Un homme a raconté avoir vu des soldats tuer sept Nuer se cachant dans une habitation du quartier de Gudele dans l'ouest de la capitale.

Des civils ont également été tués dans des tirs croisés et des habitants ont rapporté deux cas de victimes écrasées par des tanks qui avaient pénétré dans leurs maisons.

Appel à renverser le chef de l'État Kiir

L'ancien vice-président du Soudan du Sud, Riek Machar, a appelé jeudi l'armée à renverser le chef de l'État Salva Kiir, assurant sur Radio France Internationale ne vouloir discuter que «des conditions du départ» de son rival.

«J'appelle le SPLM (Mouvement populaire de libération du Soudan, parti politique au pouvoir) et sa branche armée le SPLA (Armée populaire de libération du Soudan, forces armées du pays) à renverser Salva Kiir de son poste à la tête du pays», a déclaré Riek Machar sur RFI.

«S'il veut négocier les conditions de son départ du pouvoir, nous sommes d'accord. Mais il doit partir, car il ne peut plus maintenir l'unité de notre peuple, surtout quand il fait tuer les gens comme des mouches et qu'il essaye d'allumer une guerre ethnique», a-t-il poursuivi, répondant ainsi à l'offre de négociation faite mercredi par Salva Kiir.

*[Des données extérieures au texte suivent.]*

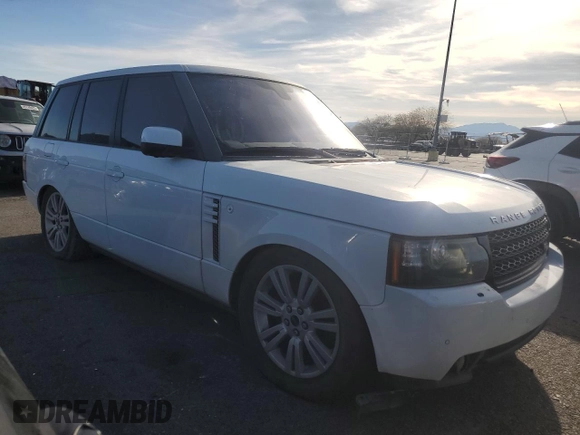 2012 Land Rover Range Rover HSE Lux with VIN SALMF1D47CA364054, listed as a Copart auction lot 45747825 with 134,555 mi miles and Clean title. Bid and sale history available at DreamBid. Image 4.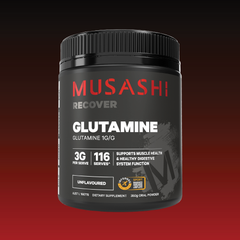 Musashi Glutamine Unflavoured 350g – Unflavoured Glutamine Powder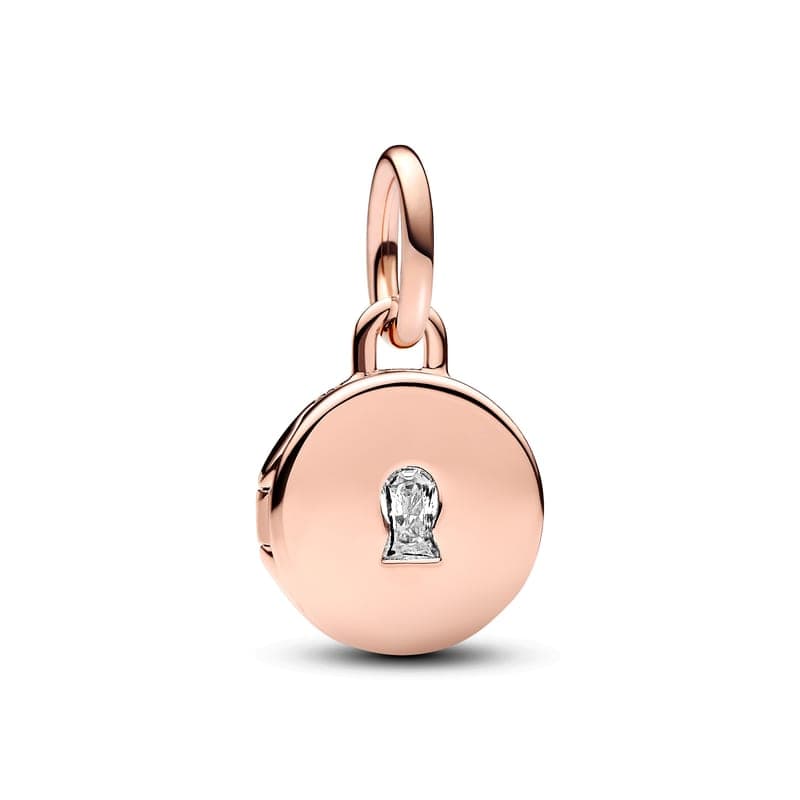 Pandora Openable & Engravable Love Locket Dangle Charm 783066C01 783066 — Foto 1 von 1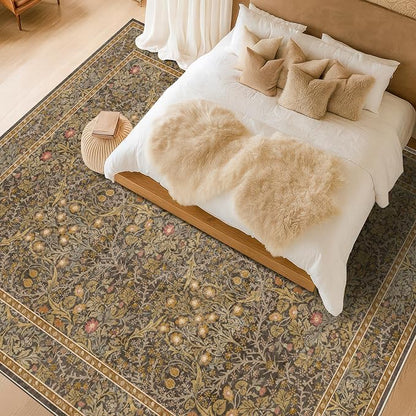 Vintage Floral Living Room Rug 8x10, Dining Room Under Kitchen Table, Oriental - Image 3
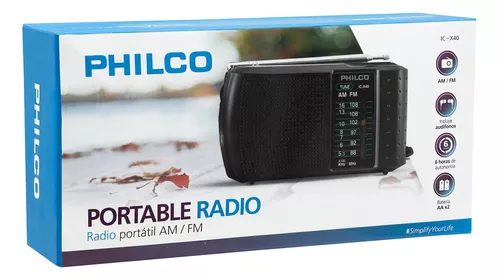 Radio Portatil AM/FM ICX-40 Philco 3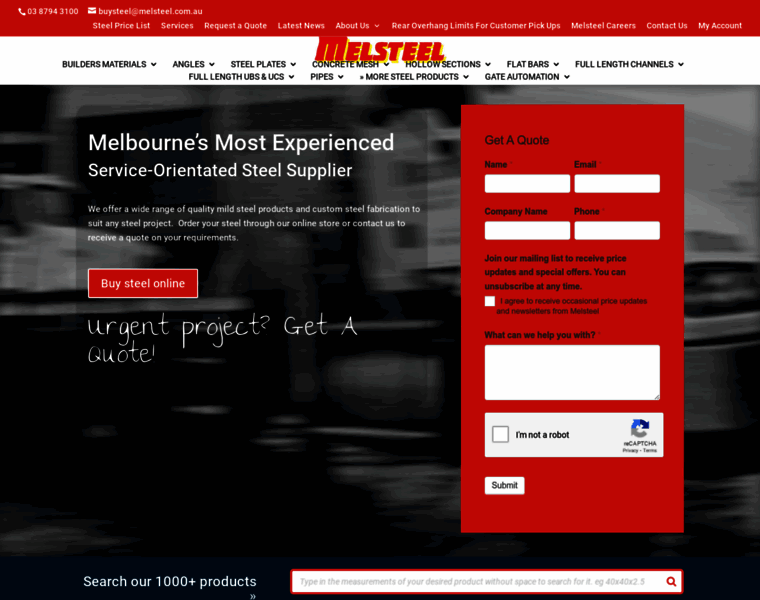 Melsteel.com.au thumbnail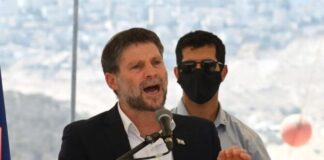 La Francia vieta l’ingresso al ministro israeliano Smotrich e 21 coloni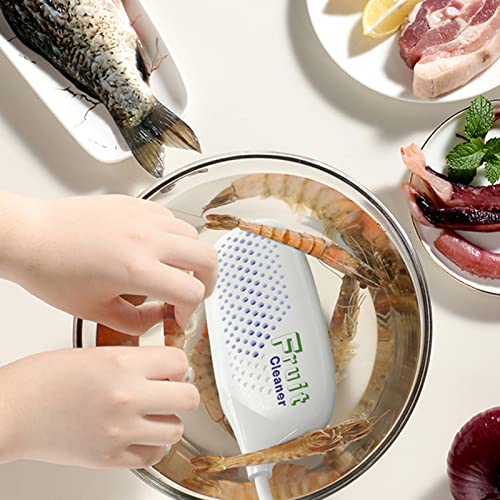 Máquina lavadora automática para frutas y verduras portátil miniatura 6
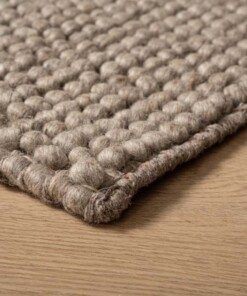 Tapis en laine - Fjell couleur sable - close up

«Nous voulons qu'il parte, c'est tout. Il a échoué à maintenir l'unité du peuple sud-soudanais, acquise après une longue et difficile lutte», a insisté Riek Machar, écarté en juillet de sa vice-présidence par Salva Kiir.

«Je n'aurai pas besoin de combattre Salva Kiir, ce sont ses propres forces qu'il a irritées par son comportement qui le renverseront», a-t-il prédit.